* [PROMPT]: Among the entries below, one stretch runs from the line that contains "Guinzaglio nero in" through the line that contains "A young strong". Repeat that stretch exactly, ends included, and only that.

* [RECORD SET]:

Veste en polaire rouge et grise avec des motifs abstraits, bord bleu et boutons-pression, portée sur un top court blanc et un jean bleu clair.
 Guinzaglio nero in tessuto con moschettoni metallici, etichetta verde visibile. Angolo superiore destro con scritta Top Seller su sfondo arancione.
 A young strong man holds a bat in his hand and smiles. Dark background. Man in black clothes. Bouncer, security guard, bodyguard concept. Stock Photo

---

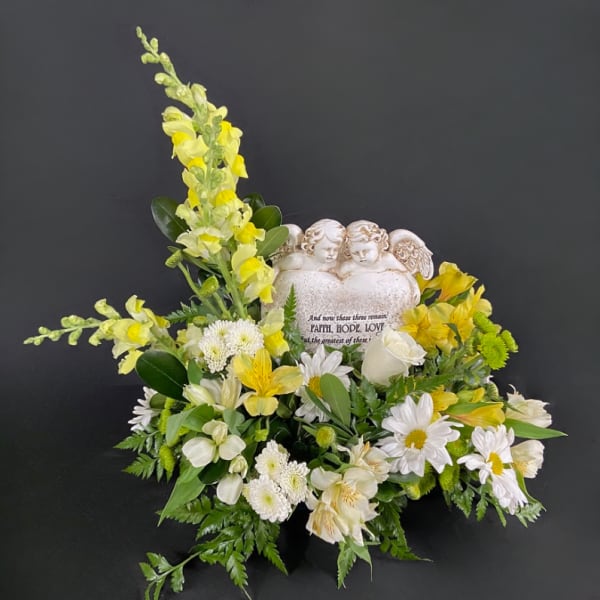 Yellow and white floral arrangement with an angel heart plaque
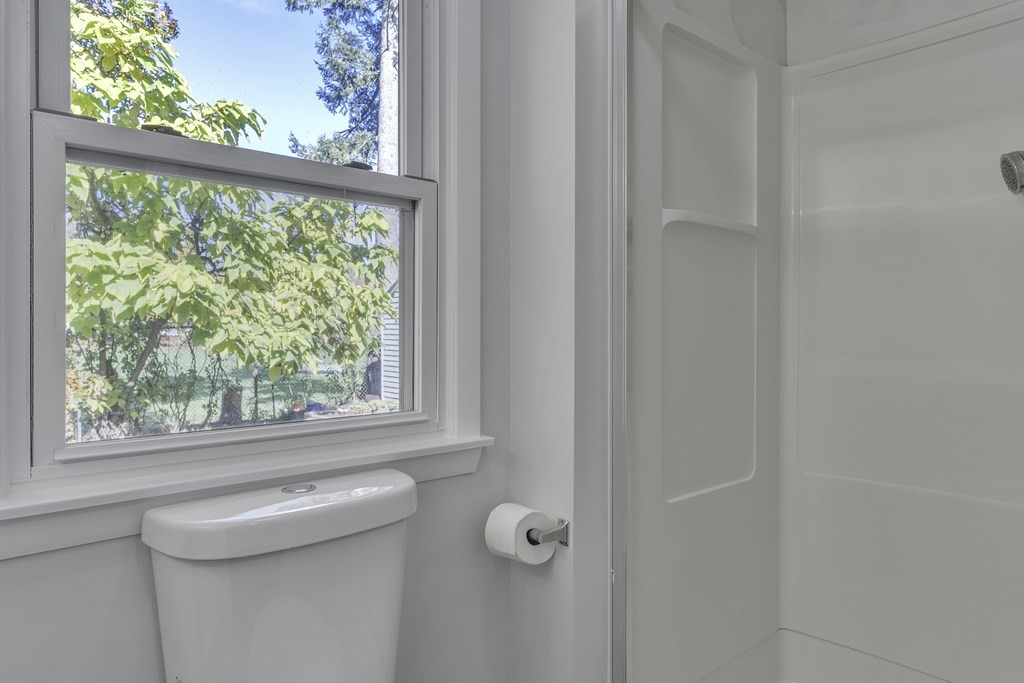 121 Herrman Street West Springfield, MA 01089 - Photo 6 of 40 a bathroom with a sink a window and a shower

* [OUTPUT]:
 Guinzaglio nero in tessuto con moschettoni metallici, etichetta verde visibile. Angolo superiore destro con scritta Top Seller su sfondo arancione.
 A young strong man holds a bat in his hand and smiles. Dark background. Man in black clothes. Bouncer, security guard, bodyguard concept. Stock Photo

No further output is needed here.